▶ DATASET CONTENT:
####################

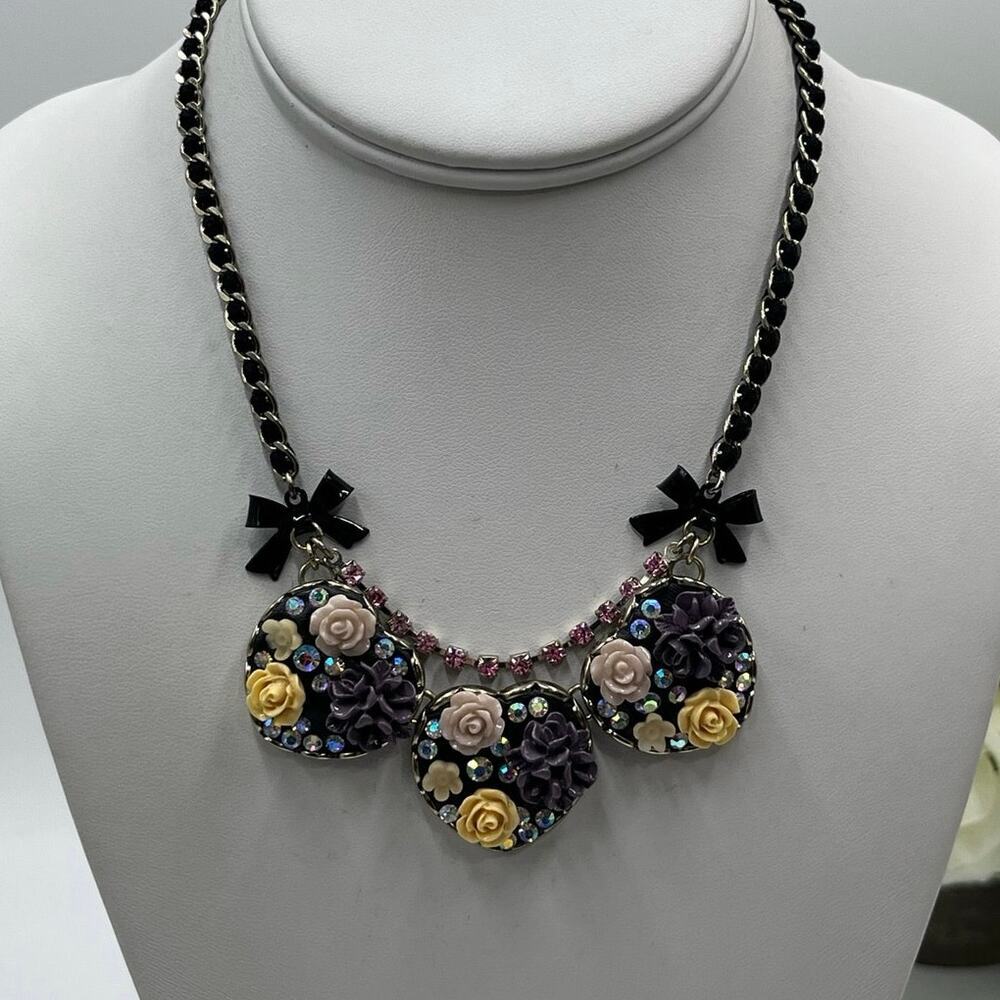 Betsey Johnson Vintage Floral Heart‎ Necklace Resin Black 
Carved Pink Rose Bow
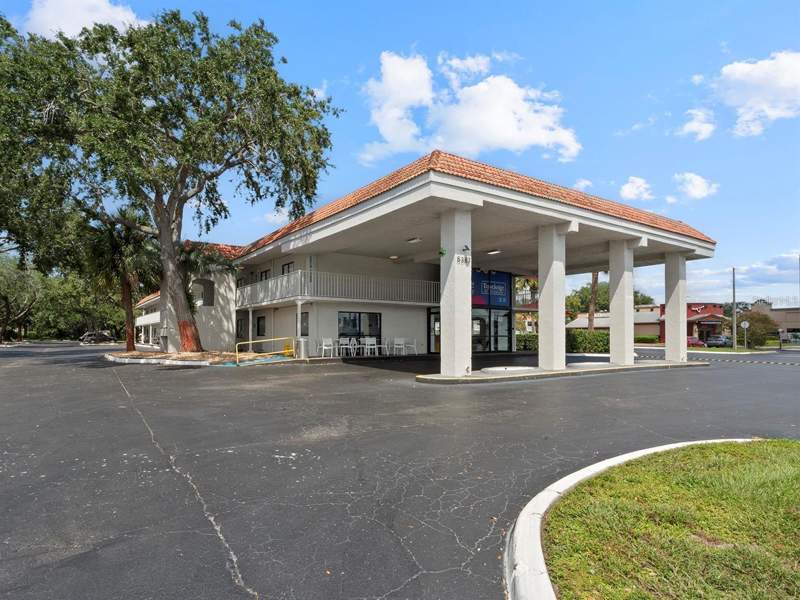 1 bedroom Condo - Hotel at 5367 W Irlo Bronson Memorial Highway #2-225, Greenpoint Essential Hotel Condo, Kissimmee — photo 2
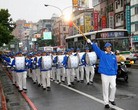 Published on 12/3/2006 法轮功,台湾法轮功学员大游行　揭露中共活摘器官暴行（图）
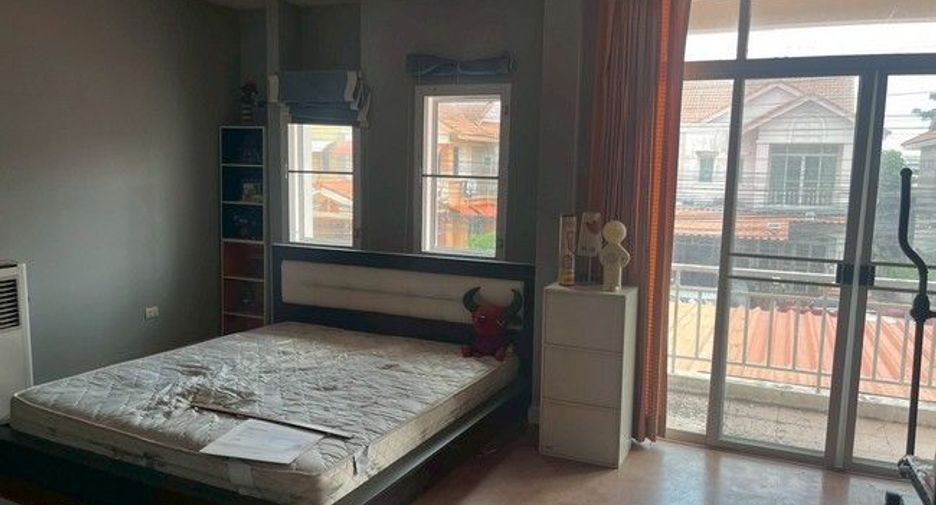 For sale 3 bedrooms house in Lam Luk Ka, Pathum Thani
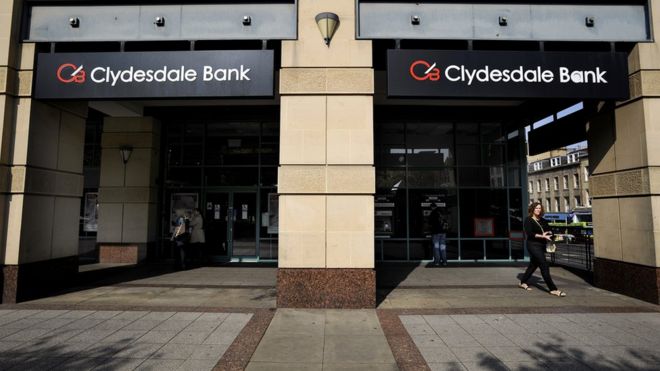 Люди проходят мимо филиала Clydesdale Bank в Эдинбурге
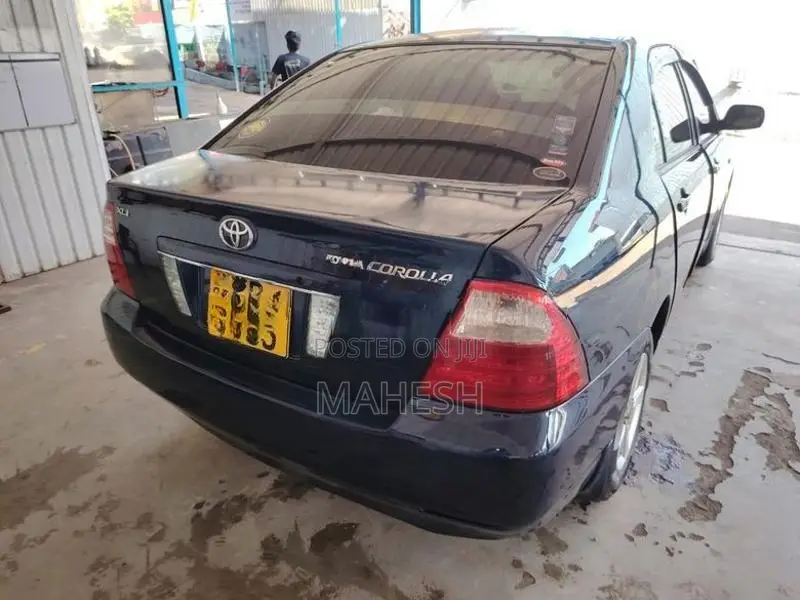 Toyota Corolla 121-Lxi Dicky Light 2005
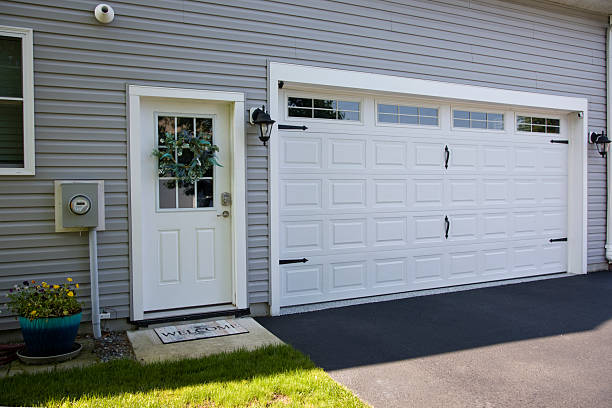 24/7 Emergency Garage Door Panel Replacement experts in Penndel, PA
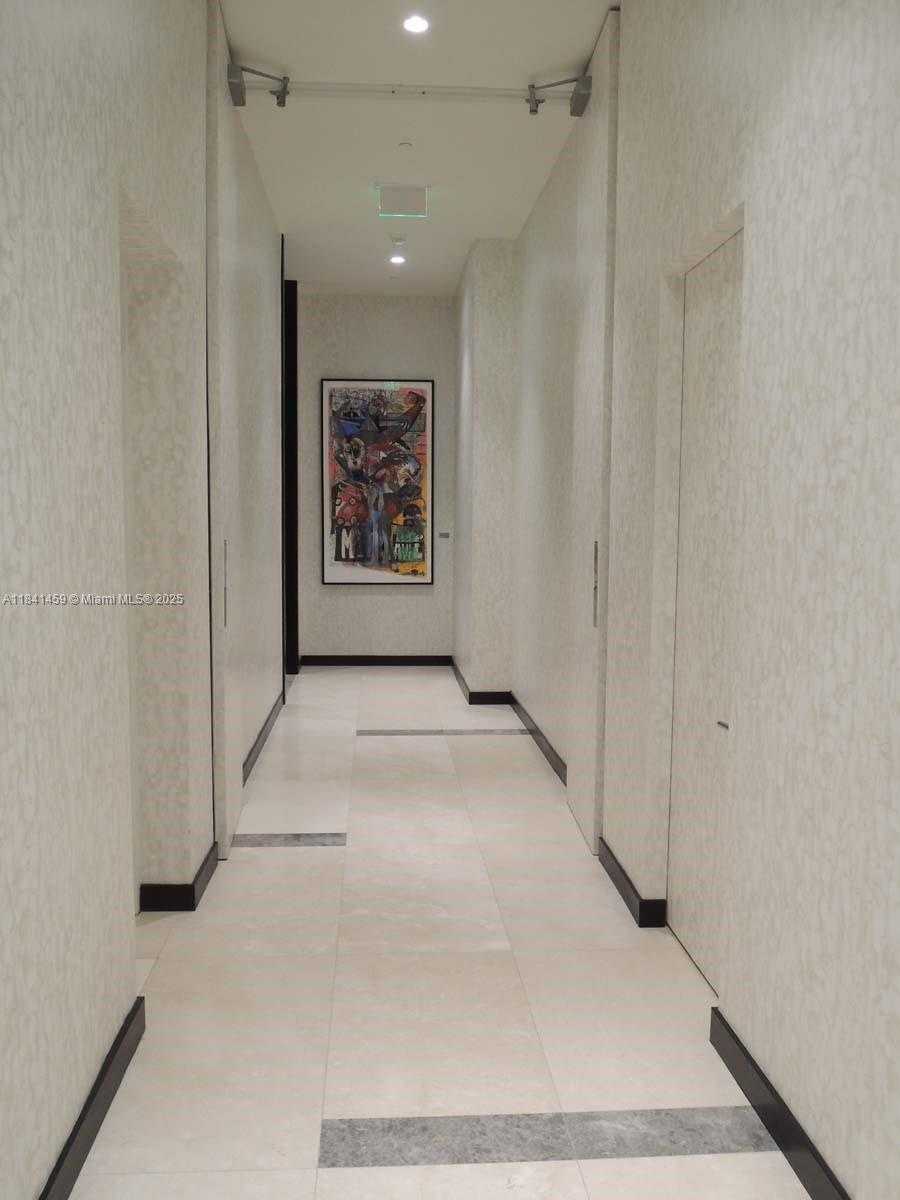 Small Image of 45 SOUTH WEST 9TH STREET #2610, Miami Number 9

####################

▶ INSTRUCTIONS TO FOLLOW: Restate word for word the lines from the one with "Люди проходят мимо" to the end of the material, both included. Do not include the pictures.

▶ WRITTEN ANSWER:
 Люди проходят мимо филиала Clydesdale Bank в Эдинбурге
 Toyota Corolla 121-Lxi Dicky Light 2005
 24/7 Emergency Garage Door Panel Replacement experts in Penndel, PA
 Small Image of 45 SOUTH WEST 9TH STREET #2610, Miami Number 9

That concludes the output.